After being convicted in the first-ever NFT insider trading case, former OpenSea product manager Nathaniel Chastain found new hope this week as a US federal appeals court overturned his conviction.
In a decision handed down Thursday, the Second Circuit Court of Appeals in Manhattan ruled that the jury in Chastain’s 2023 trial may have been misled by flawed instructions, potentially convicting him for unethical behavior rather than a clear-cut violation of federal fraud law.
However, on Thursday, the Second Circuit Court of Appeals in Manhattan ruled that the jury in his trial had been given improper instructions, which may have led to a conviction based solely on unethical conduct rather than a clear violation of federal fraud statutes.
Why is the decision being appealed?
The court has come to the conclusion that Chastain was convicted without any solid proof that he misappropriated information that qualified as a property interest of OpenSea. That’s because this is an essential requirement for a case under the wire fraud statute.
“If the wire fraud statute criminalized conduct that merely departed from traditional notions of fundamental honesty and fair play, almost any deceptive act could be criminal,” Circuit Judge Steven Menashi was quoted as saying.

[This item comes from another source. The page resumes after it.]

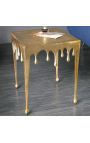 Mesa lateral cuadrada "MELTED" aluminio oro - 44 cm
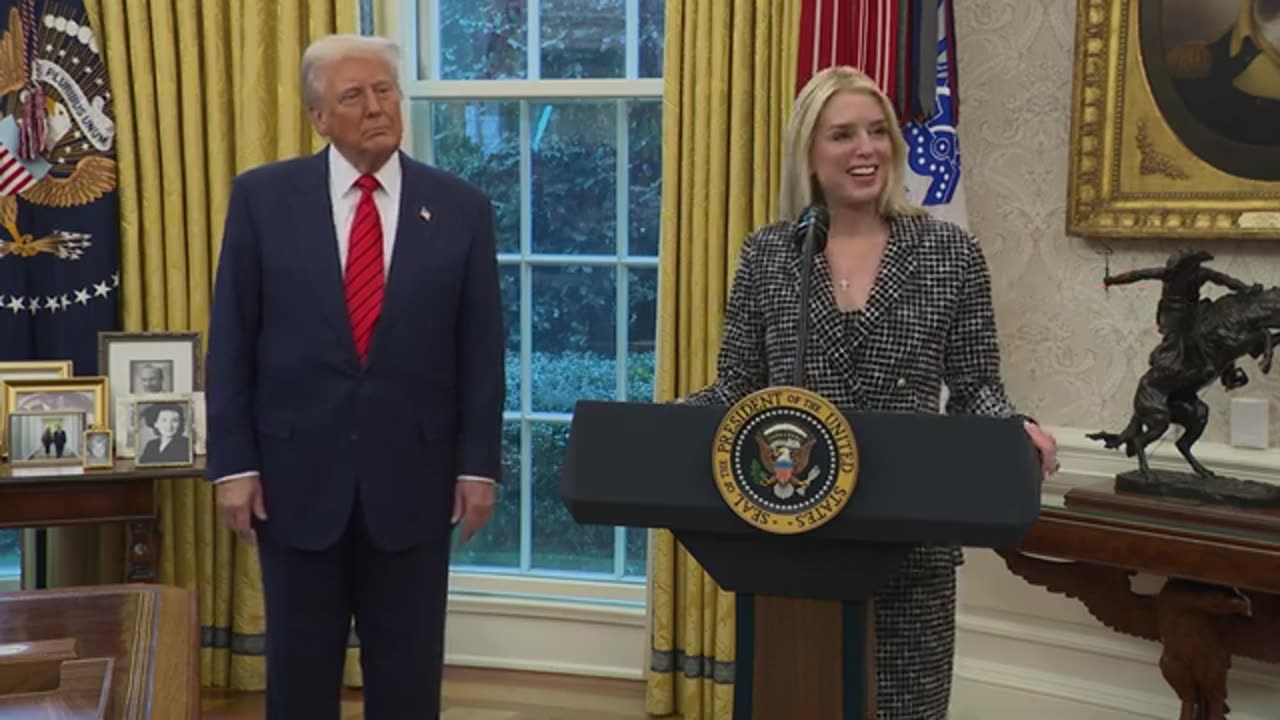 President Trump Swears In Pam Bondi as the U.S. Attorney General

Chastain’s legal team had argued throughout the appeals process that the information he used—namely, which NFTs would be featured on OpenSea’s homepage—did not constitute property in the legal sense.
Another argument presented by the defense was that OpenSea itself profited from the transactions, as it collected fees on every trade conducted on its platform, including Chastain’s.
Menashi stressed that fraud must involve deception tied to a property right, and allegations shouldn’t be based on just dishonest behavior.
Justice delivered five years later?
This decision is a major development when it comes to influencing the outcomes of any similar cases that may be filed in the future.
By determining that the misuse of confidential information must involve a clear property interest, rather than just ethical lapses, it narrows the scope under which prosecutors can bring wire fraud charges tied to NFTs or blockchain-based data.
The case dates back to 2021, during the peak of the NFT boom. Chastain allegedly used secret wallets to buy NFTs he knew would be displayed on OpenSea’s front page.
These featured listings typically led to price surges due to increased visibility and buyer demand.
Once the NFTs gained value, Chastain sold them for a profit. In total, he earned around $57,000 from 15 NFT trades, according to court filings.
The scandal first surfaced in September 2021, when a Twitter user flagged suspicious wallet activity linked to an OpenSea employee. On-chain analysts traced the transactions back to Chastain.
OpenSea later confirmed the allegations in a public statement, calling the incident “disappointing” and a breach of company values.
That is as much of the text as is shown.